Chicago Tribune article, August 7, 1973 |
August 7, 1973 – Following the third
murder of a woman in Grant Park in less than a year, the Chicago Tribune editorializes about “Our Unsafe City.” [Chicago
Tribune, August 7, 1973] “That women should be killed in the front yard of
downtown Chicago,” the editorial states, “is shocking and shameful. That the murders remain unsolved compounds
the shame.” The Tribune offers three areas that should be considered immediately. “The facts call for more than hand
wringing. They call for more rigorous
police work in the future than in the past,” the editorial states. Along with that, “The facts call also for
constant concern on the part of everyone for the safety of both oneself and of
others. Public awareness of risk needs
to be heightened, tho of course short of panic or neurosis.” And, finally, “…
prudence suggests staying away from wooded areas without sight lines to
passers-by, even when those areas are in heavily used public parks … Broad
daylight is not sufficient protection.”
The editorial concludes, “It is shameful that, more and more, people
have reason to become wary like antelopes among predators.
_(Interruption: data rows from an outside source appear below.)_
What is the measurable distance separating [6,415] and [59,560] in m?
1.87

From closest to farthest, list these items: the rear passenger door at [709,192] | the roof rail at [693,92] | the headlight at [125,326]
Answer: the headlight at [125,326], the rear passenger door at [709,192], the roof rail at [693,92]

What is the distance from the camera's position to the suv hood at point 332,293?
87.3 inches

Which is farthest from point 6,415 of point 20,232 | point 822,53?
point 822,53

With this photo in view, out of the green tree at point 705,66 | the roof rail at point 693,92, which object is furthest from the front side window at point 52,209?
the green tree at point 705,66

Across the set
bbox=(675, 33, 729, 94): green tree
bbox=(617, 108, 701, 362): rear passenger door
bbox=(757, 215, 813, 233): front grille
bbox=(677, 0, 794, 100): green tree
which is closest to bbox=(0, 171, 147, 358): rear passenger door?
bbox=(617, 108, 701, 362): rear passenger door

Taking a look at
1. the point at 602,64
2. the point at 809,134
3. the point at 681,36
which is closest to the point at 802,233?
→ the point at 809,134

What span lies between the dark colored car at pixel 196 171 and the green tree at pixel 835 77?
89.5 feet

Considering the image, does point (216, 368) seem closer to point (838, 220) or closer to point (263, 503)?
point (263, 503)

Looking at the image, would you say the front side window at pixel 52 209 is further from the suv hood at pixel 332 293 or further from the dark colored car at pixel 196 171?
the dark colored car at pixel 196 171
The harsh fact is that vicious crime in
public places is an ever present possibility in cities, including Chicago. Heightened vigilance by both police and
public offers the best—tho an imperfect—defense.”
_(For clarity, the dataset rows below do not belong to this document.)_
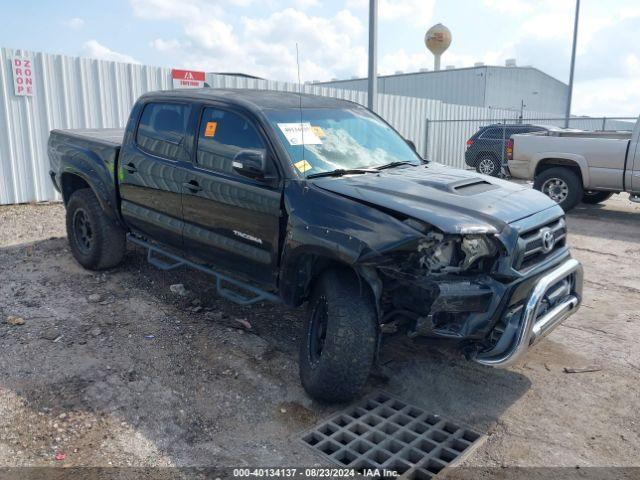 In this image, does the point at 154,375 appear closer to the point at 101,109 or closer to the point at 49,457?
the point at 49,457

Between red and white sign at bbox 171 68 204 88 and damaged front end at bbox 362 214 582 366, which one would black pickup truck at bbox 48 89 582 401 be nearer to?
damaged front end at bbox 362 214 582 366

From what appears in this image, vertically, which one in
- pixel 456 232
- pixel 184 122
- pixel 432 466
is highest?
pixel 184 122

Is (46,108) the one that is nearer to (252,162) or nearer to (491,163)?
(252,162)

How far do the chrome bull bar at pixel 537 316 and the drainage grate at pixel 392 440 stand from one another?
53 cm

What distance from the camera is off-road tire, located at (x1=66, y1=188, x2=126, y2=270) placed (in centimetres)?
552

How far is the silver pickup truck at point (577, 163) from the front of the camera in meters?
9.23

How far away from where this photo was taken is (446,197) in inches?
133

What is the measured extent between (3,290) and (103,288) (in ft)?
3.10

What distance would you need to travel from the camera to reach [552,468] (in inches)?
114

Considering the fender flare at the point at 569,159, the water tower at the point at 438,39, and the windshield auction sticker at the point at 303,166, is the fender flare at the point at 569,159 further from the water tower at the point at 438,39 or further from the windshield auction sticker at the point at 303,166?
the water tower at the point at 438,39

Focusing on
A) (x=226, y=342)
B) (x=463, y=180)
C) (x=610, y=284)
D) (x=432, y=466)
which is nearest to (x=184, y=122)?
(x=226, y=342)

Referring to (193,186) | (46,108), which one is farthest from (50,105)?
(193,186)

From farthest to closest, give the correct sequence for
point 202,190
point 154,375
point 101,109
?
1. point 101,109
2. point 202,190
3. point 154,375

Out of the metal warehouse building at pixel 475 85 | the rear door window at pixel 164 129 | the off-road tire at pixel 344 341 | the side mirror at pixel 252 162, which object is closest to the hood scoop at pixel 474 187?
the off-road tire at pixel 344 341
August 7, 1910: The Chicago Daily Tribune once again editorializes about the evil of the Illinois Central Railroad, writing, “Yesterday was a perfect day in Chicago. The sky was cloudless and the lake a blue turquoise, save along the eastern edge of the south side. There the vile smoke from a hundred coughing locomotives of the Illinois Central railroad made it seem the gateway to the inferno. All along one-half of what should be the most magnificent city water front of the world went the disfiguring trains drawn by engines, the stacks of which belched forth clouds of smoke and showers of embers. The public library, the Art institute, the hotels, the business blocks, and miles and miles of private residences are all begrimed and polluted by this nuisance. Books, pictures, and furniture are discolored by it, health is endangered, and a property loss of millions constantly increased.” The paper presents only one viable alternative: electrification. Yet, it is pessimistic about such a remedy ever occurring. “A corporation like the Illinois Central never improves its service until the balance goes against it,” the editorial ends. “Or until a municipality takes it by the back of its corporate neck and squeezes it into compliance with a popular and imperative demand.” At this point the Illinois Central operated over 300 steam trains into and out of Chicago. It would take 16 more years before the commuter tracks were electrified from downtown to Matteson.